The war between Russia and Ukraine and its North Atlantic Treaty Organization backers continues, but Australia’s chief international focus is much closer to home — continuing to build tension between Australia and China where no threat should exist but where it is being manufactured.
The decision to buy nuclear submarines, join belligerent coalitions like AUKUS, extravagantly boost military spending and behave in a provocative fashion towards China can only have one result: entrench bilateral hostility.
A recent comment by Peter Hartcher, political editor of The Sydney Morning Herald and The Age, painted a grim picture for the immediate future. Somewhat strangely, he said trade boycotts and nuclear submarines were “unthinkable” just three years ago.
The future scenario is worth considering, but so too is the journey that has led to this point.
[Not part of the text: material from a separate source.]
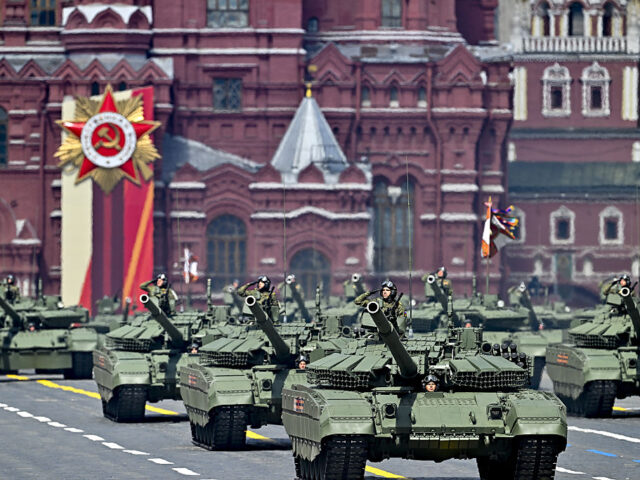 Russia marks the 80th anniversary of victory in the Great Patriotic War MOSCOW, RUSSIA - MAY 9: Military tanks are seen during parade as part of the celebrations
Polls conducted by the Lowy Institute in 2018 found 52% believed China would act responsibly in the world. In just two years that figure had plunged to 23%! By last year, it had dropped to 16%.
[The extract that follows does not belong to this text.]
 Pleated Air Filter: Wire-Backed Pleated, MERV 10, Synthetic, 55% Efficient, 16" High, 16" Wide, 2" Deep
At the same time, faith in the Australia-United States alliance has become stronger: 75% believe the US would commit troops to defend Australia, should the need arise.
A seemingly endless cycle of deception is being played out. The anti-China crusaders do their work. The polls reflect this, and the same polls are used by the same propagandists to prove that a problem exists. This energises them to produce even more disturbing propaganda until the next poll figures are published.
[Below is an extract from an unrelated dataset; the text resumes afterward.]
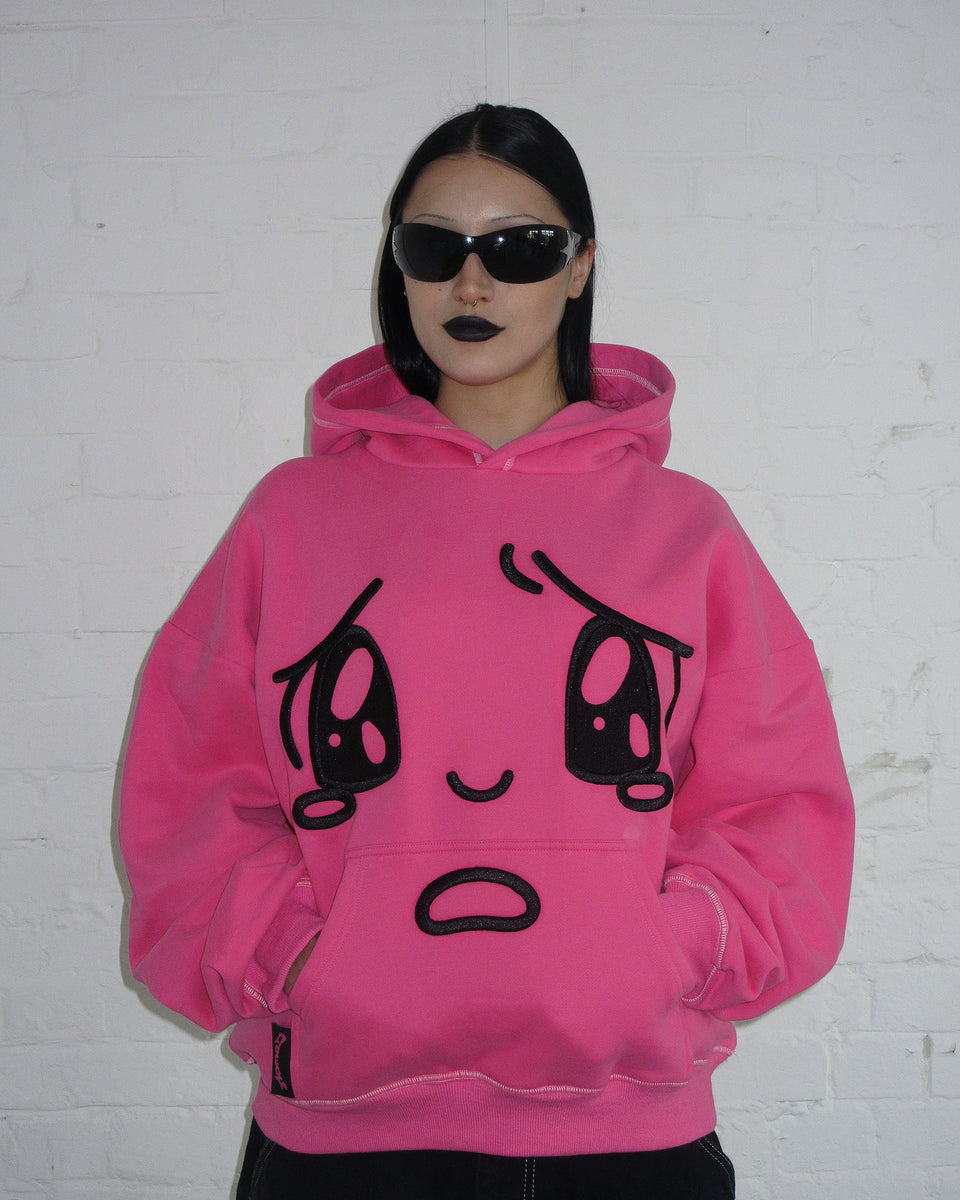 ANIMATED PULLOVER HOODIE HOT PINK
This has been going on since US President Barack Obama’s “Pivot to Asia” committed the US to “contain” China. Hartcher, who has been in the forefront of the propaganda, feigns surprise at the shift in opinion.
Supporters of Australia adopting a war-like stance must be more than happy with Prime Minister Scott Morrison's obsequious pledge: “We will move in lockstep with our partners and allies."
Journalists sometimes conjecture. In the propagandised world in which we live some, like Hartcher, also offer “expert” policy advice.
Last year, the hawkish Liberal Senator Jim Molan lamented that despite the billions of extra dollars being pumped into the “defence” budget, the military “lacks lethality, sustainability and mass”.
Morrison’s decision to boost the army by 18,000 troops is considered by media as being nowhere near enough, nor fast enough to be effective.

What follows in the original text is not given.